TASK TO CARRY OUT:
Repeat the data exactly as it stands.

*** Begin section ***

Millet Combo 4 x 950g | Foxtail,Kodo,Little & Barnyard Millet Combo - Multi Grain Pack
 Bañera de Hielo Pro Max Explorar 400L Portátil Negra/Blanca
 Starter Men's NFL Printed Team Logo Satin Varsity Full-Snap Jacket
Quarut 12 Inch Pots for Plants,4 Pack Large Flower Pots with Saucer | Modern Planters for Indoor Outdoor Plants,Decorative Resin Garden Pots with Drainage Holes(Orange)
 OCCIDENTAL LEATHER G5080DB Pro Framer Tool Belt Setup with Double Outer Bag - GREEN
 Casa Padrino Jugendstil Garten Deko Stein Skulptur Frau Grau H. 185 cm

*** End section ***

SOLUTION FOR THIS TASK:
Millet Combo 4 x 950g | Foxtail,Kodo,Little & Barnyard Millet Combo - Multi Grain Pack
 Bañera de Hielo Pro Max Explorar 400L Portátil Negra/Blanca
 Starter Men's NFL Printed Team Logo Satin Varsity Full-Snap Jacket
Quarut 12 Inch Pots for Plants,4 Pack Large Flower Pots with Saucer | Modern Planters for Indoor Outdoor Plants,Decorative Resin Garden Pots with Drainage Holes(Orange)
 OCCIDENTAL LEATHER G5080DB Pro Framer Tool Belt Setup with Double Outer Bag - GREEN
 Casa Padrino Jugendstil Garten Deko Stein Skulptur Frau Grau H. 185 cm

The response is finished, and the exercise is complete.